The double-blind IBSP samples are made to appear as much like environmental samples as possible. The IBSP submits these samples in shipping coolers to the National Water Quality Laboratory (NWQL) to mimic the process, as much as possible, by which actual environmental samples are submitted to the NWQL. All identifying information (except account number) is changed to that of actual Water-Science Center customers. Bottle labels are even "soiled" to give the appearance that the bottles have been filled in the field. After the samples are logged in, they are subjected to the identical laboratory handling, processing, and analytical procedures as are the environmental samples. Once the laboratory analyzes the samples, the results are loaded into the National Water Information System (NWIS) database (blind-blank results do not go into NWIS) at which point the IBSP personnel twice-weekly compile and review the analytical results.
There are several key differences that make IBSP blind-sample results more applicable in describing analytical performance in environmental sample matrices than on-line QC results.
(1) IBSP blind samples measure the analytical performance of the entire laboratory process—from sample login through data storage in the National Water Information System (NWIS) database. (Blind-blank sample results do not go into NWIS.) In other words, the IBSP blind samples are subjected to the same laboratory processes as the environmental samples and are designed to capture the same sources of variability to which the environmental samples are subjected. On-line QC samples, on the other hand, are designed for a different purpose. They are used primarily for initial instrument calibration verification and for on-going instrument calibration verification.

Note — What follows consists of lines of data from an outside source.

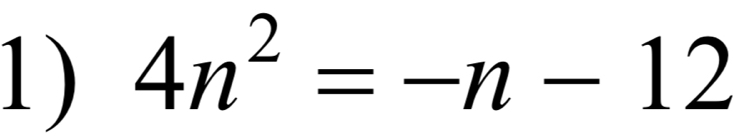 1 ) 4n^2=-n-12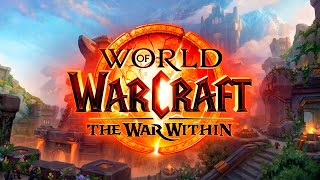 World of Warcraft: The War Within #4 - Просто отдыхаем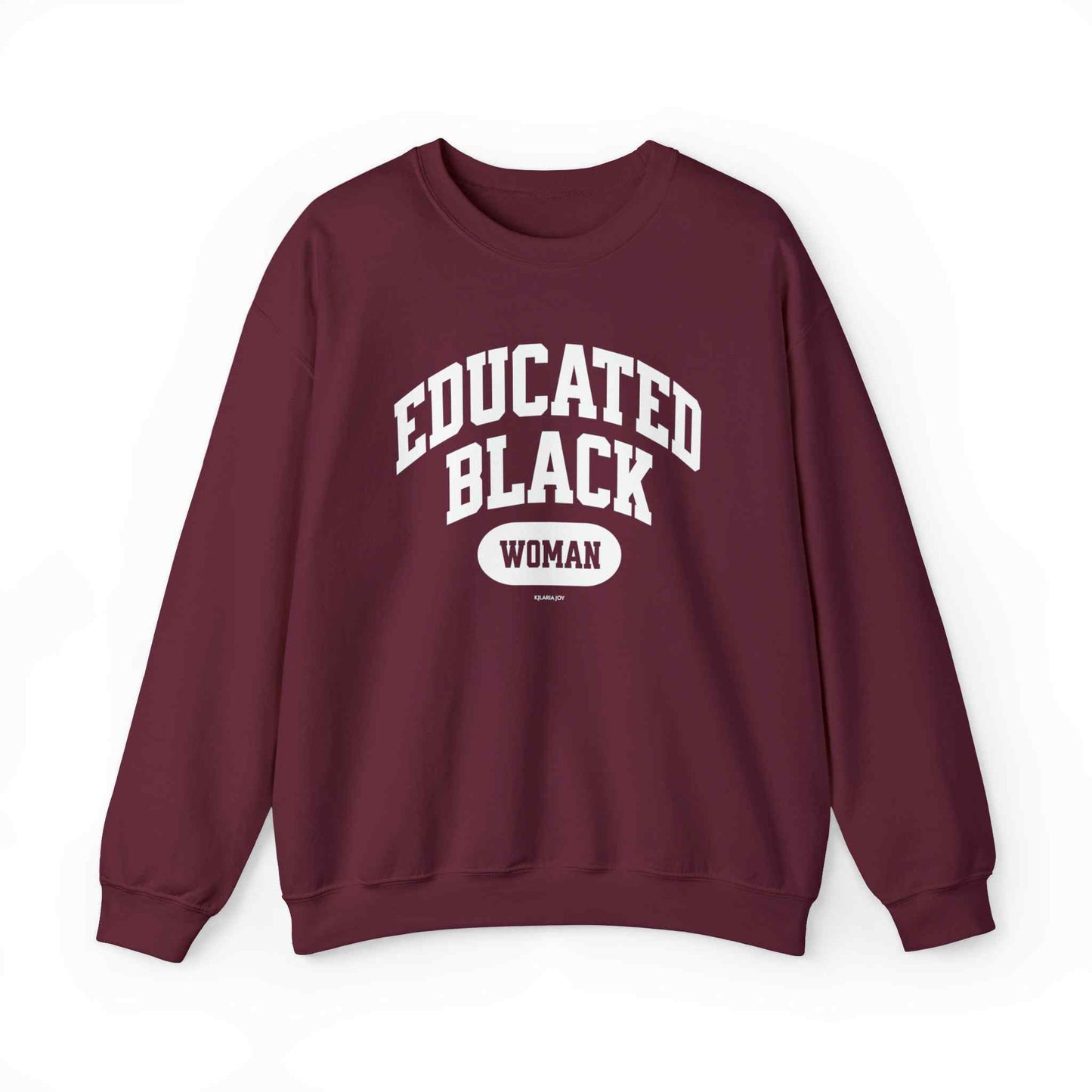 Educated Black Woman Classic Fit Sweatshirt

On-line QC samples measure only a subset of the environmental sample analysis process.
(2) Most IBSP blind samples are made from natural-water matrices whereas on-line quality-control samples are typically synthetic samples made from spiked reagent-grade water. Natural-matrix water samples contain a complex mixture of both organic and inorganic components that can cause interferences and affect how a sample interacts physically with an instrument (part of what's often referred to as "matrix effects"). These effects are not nearly as pronounced in spiked reagent-grade samples; therefore, natural-matrix blind samples present an analytical challenge more consistent with that of environmental samples allowing measured analytical performance of these natural matrices to be more appropriately applied to environmental sample results.

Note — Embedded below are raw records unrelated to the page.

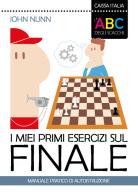 I miei primi esercizi sul finale. Manuale pratico di autoistruzione di John Nunn edito da Caissa Italia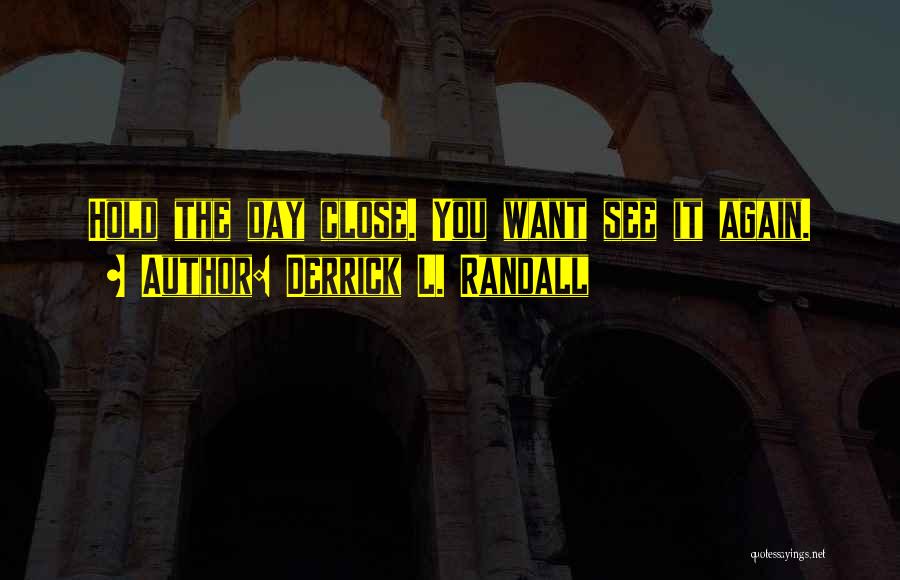 Derrick L. Randall Quotes 1455016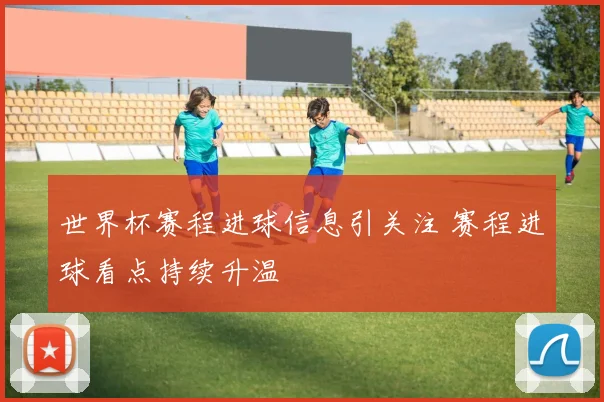 世界杯赛程进球信息引关注 赛程进球看点持续升温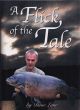 A FLICK OF THE TALE. By Dave Lane.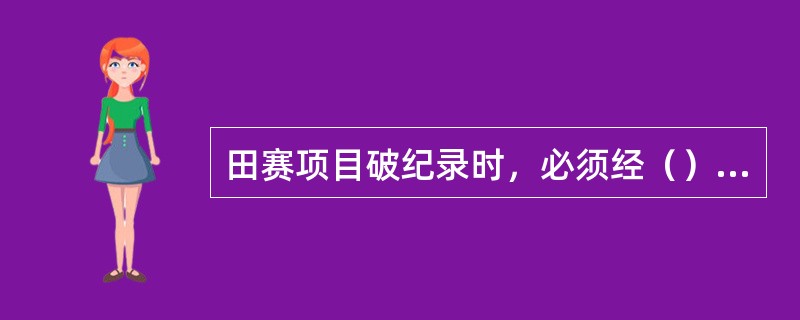 田赛项目破纪录时，必须经（）复查核实后方能承认。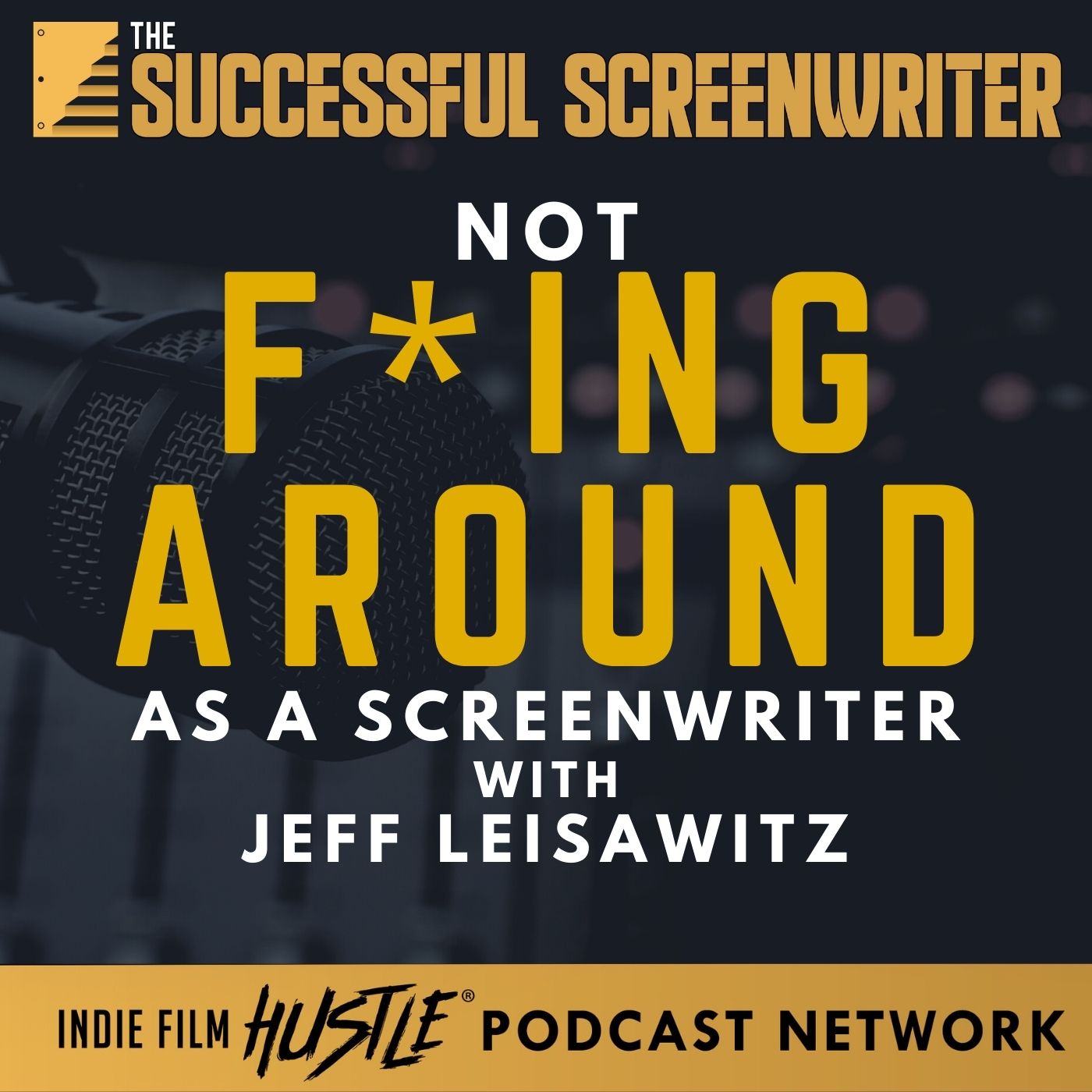 The Successful Screenwriter with Geoffrey D Calhoun: Screenwriting Podcast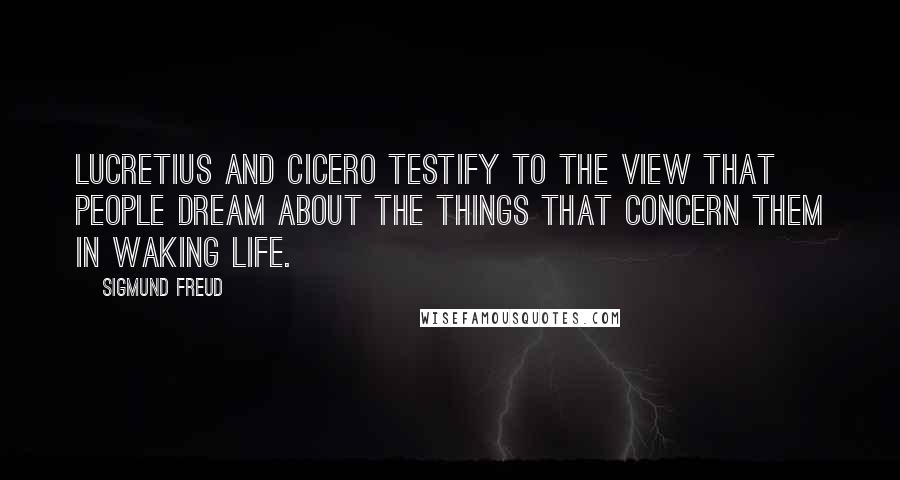 Sigmund Freud Quotes: Lucretius and Cicero testify to the view that people dream about the things that concern them in waking life.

(3) IBSP blind samples are a third-party check in the truest sense. Most IBSP blind samples come from round-robin studies and are used "as-is." The accepted target value, or MPV (Most Probable Value), is derived from data from multiple laboratories' results so has been confirmed many times over. On-line QC samples are typically made within the laboratory and usually undergo a number of processing steps that modifies the QC sample from its original form. The analysts, equipment, and solutions used to make these modifications are typically the same analysts, equipment, and solutions used to make the calibration standards and the on-line QC samples, so systematic errors can be introduced that are difficult to detect. Third-party, on-line QC samples partially mitigate this situation, but they are still typically prepared by the same analysts with the same equipment that is used for the calibration standards and other QC samples. Therefore, third-party, on-line QC samples may be affected by systematic errors.
When natural-matrix, blind sample data are not available, on-line QC data can be used to estimate analytical performance for environmental results so long as their limitations are well understood. As always, environmental-sample matrix spikes using appropriate spike levels are recommended for evaluating sample-specific bias.
There are two ways to easily obtain raw data.
(1) Access the chart for your parameter of interest on the Charts and data page. Once the chart launches, there will be an "Open Data Set" button. Click on this button and a spreadsheet will pop up with all of the data for that particular chart.
(2) Contact the listed project chief (see left-hand menu, top of page) for custom data pulls that match your project's date range and objectives.
IBSP control limits are set at +/-2 Quality Control Units (QCU) by convention. QCUs are calculated by three separate methods for any given analyte within a blind sample. The largest value of those three values is assigned as one QCU.
The three values for the QCU (shown in no particular order) are calculated as follows:
(1) f-pseudosigma. The f-pseudosigma used is the f-pseudosigma determined by the Standard Reference Sample (SRS) Project's interlaboratory comparison (round-robin) study for that analyte in that blind-sample .
(2) One-half the Method Detection Limit (MDL). This is the MDL (not the Method Reporting Limit) in use at the time that blind-sample was analyzed.
(3) 5% of the Most Probable Value (MPV). The MPV used is the MPV determined by the SRS Project's round-robin study for that analyte in that blind-sample.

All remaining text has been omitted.